> [WORK INSTRUCTION]: When you reach the line containing "Caja Corazón Rosas y Champaña" in the entries below, start writing out each line exactly, and stop after the line containing "Fortune Jewel Natural".

> [DATA EXTRACT]:
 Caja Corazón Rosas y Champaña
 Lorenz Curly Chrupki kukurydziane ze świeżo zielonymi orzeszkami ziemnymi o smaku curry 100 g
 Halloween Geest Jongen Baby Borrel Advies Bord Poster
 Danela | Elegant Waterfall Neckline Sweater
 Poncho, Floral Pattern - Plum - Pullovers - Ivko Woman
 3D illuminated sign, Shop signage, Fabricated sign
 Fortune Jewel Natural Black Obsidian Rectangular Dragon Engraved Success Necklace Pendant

---

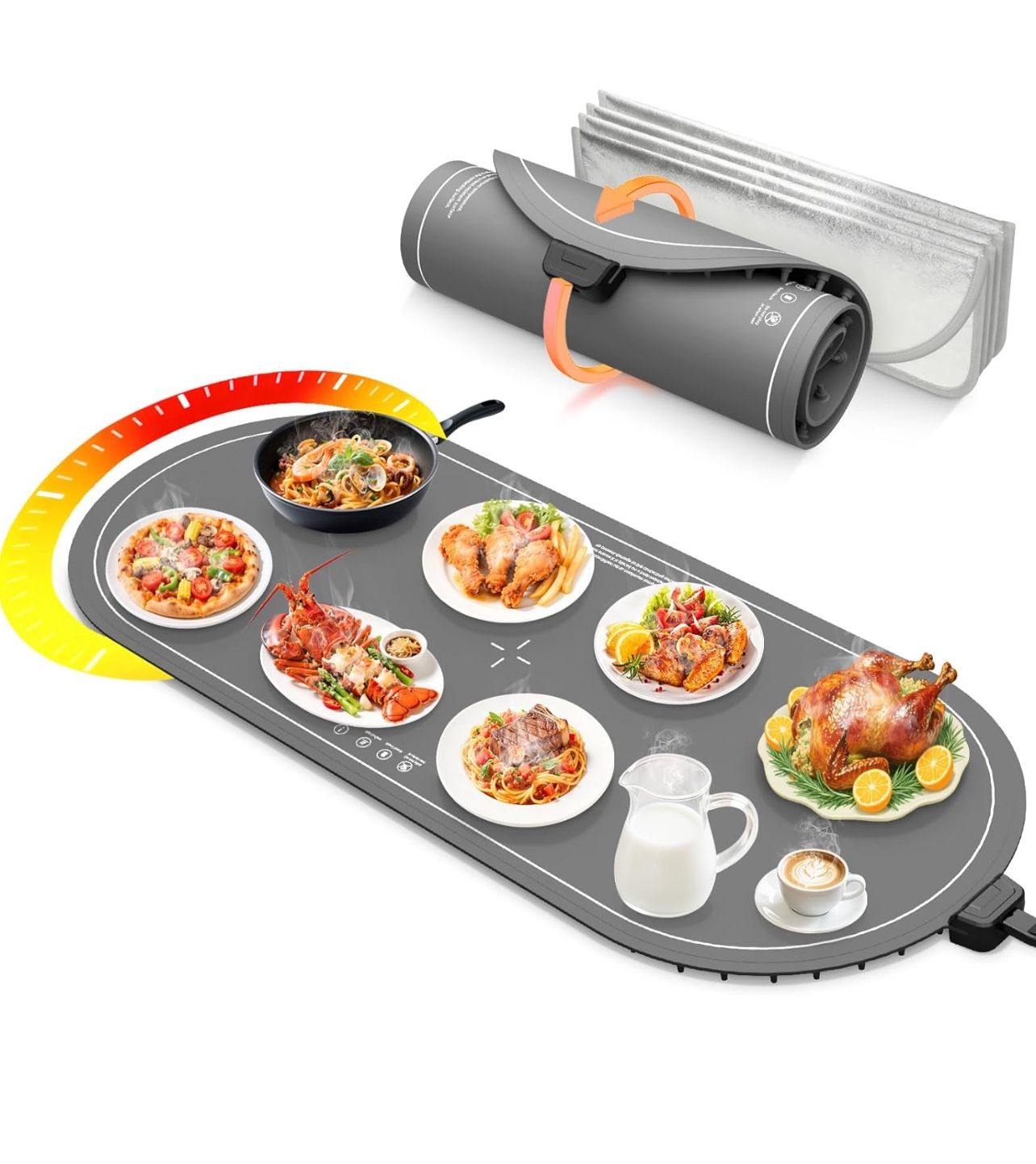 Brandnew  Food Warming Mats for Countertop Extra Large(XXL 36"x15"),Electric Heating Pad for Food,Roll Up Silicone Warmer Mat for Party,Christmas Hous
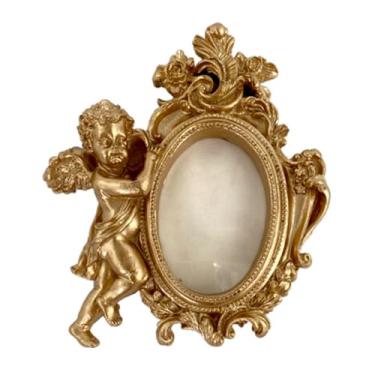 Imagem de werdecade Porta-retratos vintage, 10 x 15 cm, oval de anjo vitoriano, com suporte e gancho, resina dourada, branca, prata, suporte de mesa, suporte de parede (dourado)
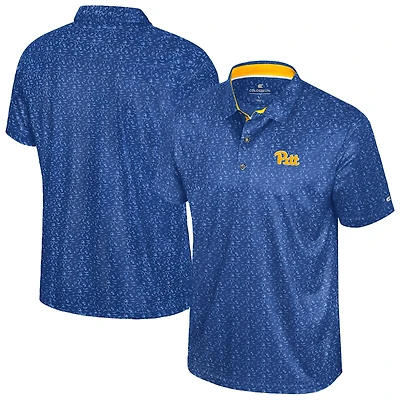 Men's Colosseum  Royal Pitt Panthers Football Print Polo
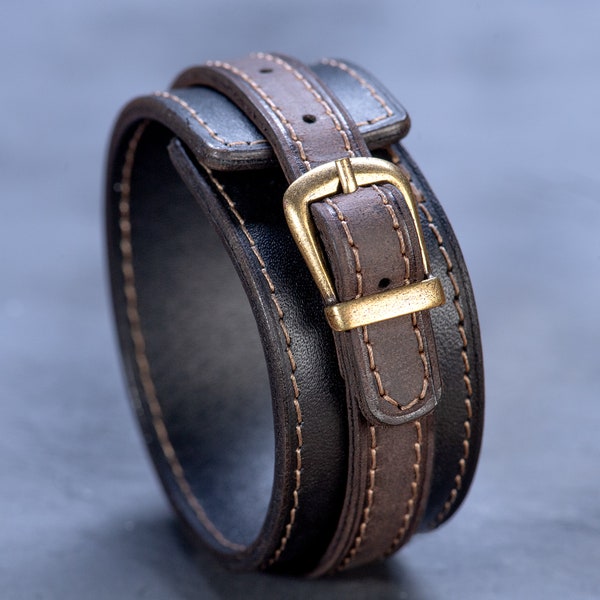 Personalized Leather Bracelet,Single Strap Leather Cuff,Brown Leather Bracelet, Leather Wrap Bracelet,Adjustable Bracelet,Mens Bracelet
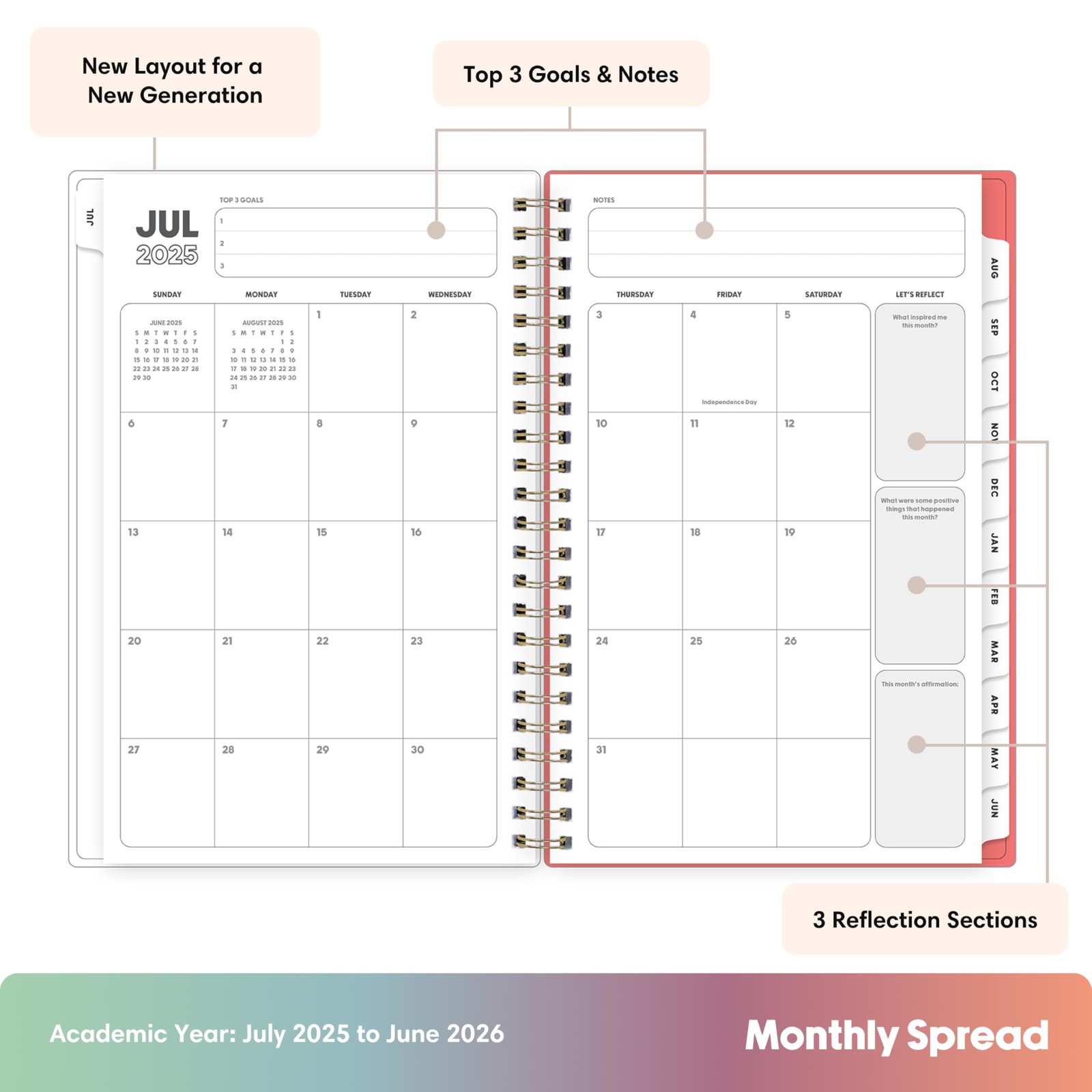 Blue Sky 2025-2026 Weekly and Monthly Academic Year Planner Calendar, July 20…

> [SOLUTION]:
 Caja Corazón Rosas y Champaña
 Lorenz Curly Chrupki kukurydziane ze świeżo zielonymi orzeszkami ziemnymi o smaku curry 100 g
 Halloween Geest Jongen Baby Borrel Advies Bord Poster
 Danela | Elegant Waterfall Neckline Sweater
 Poncho, Floral Pattern - Plum - Pullovers - Ivko Woman
 3D illuminated sign, Shop signage, Fabricated sign
 Fortune Jewel Natural Black Obsidian Rectangular Dragon Engraved Success Necklace Pendant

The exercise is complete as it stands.